Toronto police Const. Richard White, an 18-year veteran officer with 12 Division, pleaded guilty to one count of discreditable conduct Tuesday.  (Evan Mitsui/CBC - image credit)
Toronto police Const. Richard White, an 18-year veteran officer with 12 Division, pleaded guilty to one count of discreditable conduct Tuesday. (Evan Mitsui/CBC - image credit)

A Toronto police officer pleaded guilty Tuesday to one count of discreditable conduct, in relation to a series of incidents during the spring and summer of 2017.

Const. Richard White had faced seven charges, but six charges — including ones involving theft — were dropped, according to an amended notice of hearing from the Toronto police tribunal.

White "failed to keep appropriate notes" in his memo book during a three-month period in 2017, according to the tribunal's notice and a statement of particulars.

The hearing notice alleges that, on at least 20 occasions, White left "large gaps" in his notes. Deficiencies in his notes led to the arrest of an individual who later had all his charges stayed, the police tribunal heard.

The tribunal also heard that the officer later inaccurately testified at a preliminary hearing for that same individual in February 2018.

A professional standards investigation was launched the following year against White and a fellow officer, in which it was alleged the two failed to account for a portion of money seized during that 2017 arrest. As a result, White and his co-accused were suspended with pay in 2019. The other officer will appear in front of the police tribunal later this month, where he faces four charges. 

White's lawyer and the police prosecutor jointly asked tribunal hearing officer Insp.

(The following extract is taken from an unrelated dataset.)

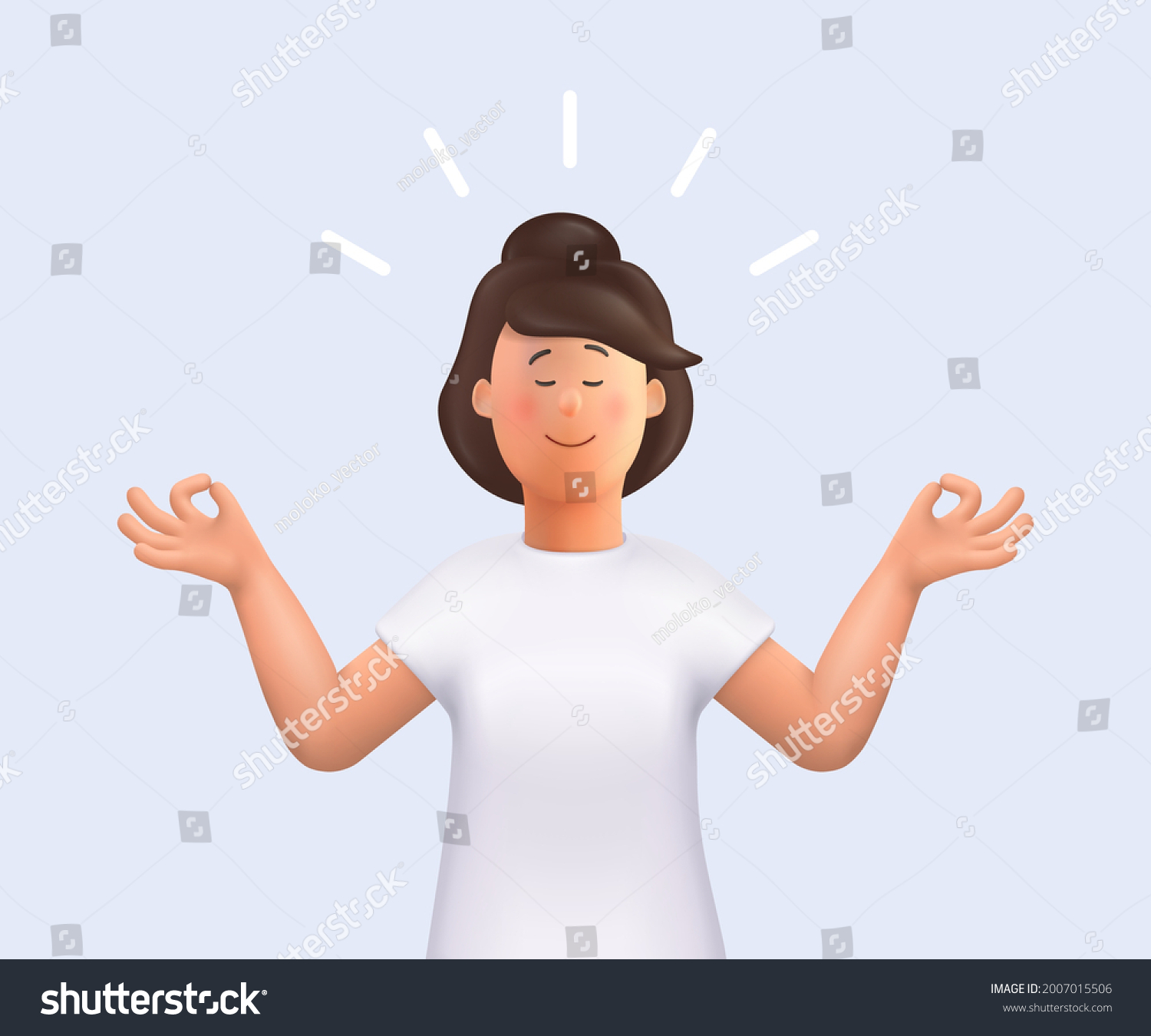 Young woman Jane meditating. Meditation practice. Concept of zen, harmony, yoga, meditation, relax, recreation, healthy lifestyle. 3d vector people character illustration. #2007015506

Suzanne Redman that White be demoted from a first class police constable to a second class police constable for two years. The prosecutor called this "one of the highest penalties short of a dismissal."

White, an officer with Toronto Police Service's 12 Division, has been a member of the force since 2006.

His lawyer said at the hearing that the tribunal should take into account his past service with the force when considering his penalty.

"It's clear on Const. White's employment record that this misconduct is out of character," said defence lawyer Joanne Mulcahy, who noted White has received 22 commendations and 12 awards since he's been on the job. As an example, she said he "received an award for his part in drafting and executing a search warrant stemming from a fraud investigation that recovered a stolen credit card, illicit drugs and a firearm."

The police prosecutor noted White has a history of misconduct in the workplace.

"The officer does not come to us unblemished," said Matthew Capotosto.

Capotosto said White was previously found guilty on two counts of conducting police checks in 2013 for non-police purposes, resulting in a loss of 26 days' pay.

He said slapping White with a significant demotion sends a message to him, other officers and the public that Toronto police takes misconduct very seriously.

"This officer's pleas are a significant sign of remorse. However, his conduct here is at the very serious end of the spectrum and has a significant impact on the administration of justice," Capotosto said.

White spoke briefly at the hearing, saying he's looking forward to putting everything in the past and serving the city again.

The prosecution and defence are both asking that his penalty from the tribunal include a requirement to complete more training, specific to note taking.

"It's very clear from the notice of hearing particulars that Const. White is in this position because of notes," Mulcahy said.

A date for White's sentencing hearing will be decided at a later time.